**Data for this task:**
========
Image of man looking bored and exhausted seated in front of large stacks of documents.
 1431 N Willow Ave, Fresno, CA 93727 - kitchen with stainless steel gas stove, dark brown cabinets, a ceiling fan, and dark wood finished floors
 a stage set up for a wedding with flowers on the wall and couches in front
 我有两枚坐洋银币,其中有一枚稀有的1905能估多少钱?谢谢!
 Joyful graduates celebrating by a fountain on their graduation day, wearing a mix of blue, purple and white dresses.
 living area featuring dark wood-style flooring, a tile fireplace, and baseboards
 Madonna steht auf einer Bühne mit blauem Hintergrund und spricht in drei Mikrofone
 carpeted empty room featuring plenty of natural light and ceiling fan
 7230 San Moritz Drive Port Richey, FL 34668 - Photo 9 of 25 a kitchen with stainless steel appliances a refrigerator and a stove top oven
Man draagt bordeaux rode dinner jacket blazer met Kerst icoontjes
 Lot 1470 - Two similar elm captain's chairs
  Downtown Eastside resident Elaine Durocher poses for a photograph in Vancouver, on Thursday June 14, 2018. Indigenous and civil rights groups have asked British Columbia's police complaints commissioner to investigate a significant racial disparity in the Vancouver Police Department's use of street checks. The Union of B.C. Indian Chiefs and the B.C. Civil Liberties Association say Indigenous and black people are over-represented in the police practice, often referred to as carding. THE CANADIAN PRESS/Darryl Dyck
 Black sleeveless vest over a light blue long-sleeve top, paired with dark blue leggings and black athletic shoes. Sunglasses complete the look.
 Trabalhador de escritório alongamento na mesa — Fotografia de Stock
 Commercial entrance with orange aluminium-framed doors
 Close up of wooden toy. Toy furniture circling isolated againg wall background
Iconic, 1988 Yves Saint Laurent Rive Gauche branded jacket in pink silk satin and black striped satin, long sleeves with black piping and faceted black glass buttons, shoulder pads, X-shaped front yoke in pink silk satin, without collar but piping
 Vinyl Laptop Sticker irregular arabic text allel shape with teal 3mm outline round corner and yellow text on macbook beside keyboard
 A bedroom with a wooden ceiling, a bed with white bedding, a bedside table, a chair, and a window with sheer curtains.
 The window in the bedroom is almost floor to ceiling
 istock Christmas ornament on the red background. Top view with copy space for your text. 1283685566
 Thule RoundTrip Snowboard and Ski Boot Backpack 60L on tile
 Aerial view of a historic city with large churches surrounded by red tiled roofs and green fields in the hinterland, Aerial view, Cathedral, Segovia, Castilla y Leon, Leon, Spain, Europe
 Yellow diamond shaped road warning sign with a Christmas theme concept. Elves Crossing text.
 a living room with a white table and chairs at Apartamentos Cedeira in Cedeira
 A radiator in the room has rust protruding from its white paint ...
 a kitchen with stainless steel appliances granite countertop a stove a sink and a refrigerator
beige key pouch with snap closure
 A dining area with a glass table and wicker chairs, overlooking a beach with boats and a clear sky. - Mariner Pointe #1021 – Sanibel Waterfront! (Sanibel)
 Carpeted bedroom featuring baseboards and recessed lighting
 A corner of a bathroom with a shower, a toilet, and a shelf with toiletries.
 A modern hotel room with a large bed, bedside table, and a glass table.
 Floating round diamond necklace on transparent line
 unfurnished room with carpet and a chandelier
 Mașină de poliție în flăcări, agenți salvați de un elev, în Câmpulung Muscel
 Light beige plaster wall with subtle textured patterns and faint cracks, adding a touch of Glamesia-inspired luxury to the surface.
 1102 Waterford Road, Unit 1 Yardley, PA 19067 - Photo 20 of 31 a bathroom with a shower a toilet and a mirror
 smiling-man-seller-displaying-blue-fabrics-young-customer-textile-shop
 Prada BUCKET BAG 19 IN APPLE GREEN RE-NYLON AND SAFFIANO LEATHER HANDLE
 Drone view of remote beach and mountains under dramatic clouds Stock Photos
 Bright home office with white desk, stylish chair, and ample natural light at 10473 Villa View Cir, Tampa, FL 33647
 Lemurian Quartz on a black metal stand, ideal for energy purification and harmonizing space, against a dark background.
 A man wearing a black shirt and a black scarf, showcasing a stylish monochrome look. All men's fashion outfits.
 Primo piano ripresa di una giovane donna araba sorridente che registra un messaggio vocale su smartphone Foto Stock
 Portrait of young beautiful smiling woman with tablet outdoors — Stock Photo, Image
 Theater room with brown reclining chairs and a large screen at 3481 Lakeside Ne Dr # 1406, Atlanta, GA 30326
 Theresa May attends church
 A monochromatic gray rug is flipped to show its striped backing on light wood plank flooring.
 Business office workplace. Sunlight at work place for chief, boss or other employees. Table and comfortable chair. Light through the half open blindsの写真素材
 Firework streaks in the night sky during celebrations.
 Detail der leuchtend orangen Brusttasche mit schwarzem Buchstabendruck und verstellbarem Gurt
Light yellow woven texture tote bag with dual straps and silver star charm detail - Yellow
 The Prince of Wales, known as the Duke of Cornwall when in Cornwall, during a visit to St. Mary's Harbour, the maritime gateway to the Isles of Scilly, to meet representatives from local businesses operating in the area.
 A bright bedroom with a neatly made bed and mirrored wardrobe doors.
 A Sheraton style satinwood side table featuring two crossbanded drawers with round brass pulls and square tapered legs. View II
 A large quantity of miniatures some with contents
========
**Exercise:** Only one span is wanted. It runs from the first line of the listing through the line with "Trabalhador de escritório", and each line must match exactly.

**Solution to this exercise:**
Image of man looking bored and exhausted seated in front of large stacks of documents.
 1431 N Willow Ave, Fresno, CA 93727 - kitchen with stainless steel gas stove, dark brown cabinets, a ceiling fan, and dark wood finished floors
 a stage set up for a wedding with flowers on the wall and couches in front
 我有两枚坐洋银币,其中有一枚稀有的1905能估多少钱?谢谢!
 Joyful graduates celebrating by a fountain on their graduation day, wearing a mix of blue, purple and white dresses.
 living area featuring dark wood-style flooring, a tile fireplace, and baseboards
 Madonna steht auf einer Bühne mit blauem Hintergrund und spricht in drei Mikrofone
 carpeted empty room featuring plenty of natural light and ceiling fan
 7230 San Moritz Drive Port Richey, FL 34668 - Photo 9 of 25 a kitchen with stainless steel appliances a refrigerator and a stove top oven
Man draagt bordeaux rode dinner jacket blazer met Kerst icoontjes
 Lot 1470 - Two similar elm captain's chairs
  Downtown Eastside resident Elaine Durocher poses for a photograph in Vancouver, on Thursday June 14, 2018. Indigenous and civil rights groups have asked British Columbia's police complaints commissioner to investigate a significant racial disparity in the Vancouver Police Department's use of street checks. The Union of B.C. Indian Chiefs and the B.C. Civil Liberties Association say Indigenous and black people are over-represented in the police practice, often referred to as carding. THE CANADIAN PRESS/Darryl Dyck
 Black sleeveless vest over a light blue long-sleeve top, paired with dark blue leggings and black athletic shoes. Sunglasses complete the look.
 Trabalhador de escritório alongamento na mesa — Fotografia de Stock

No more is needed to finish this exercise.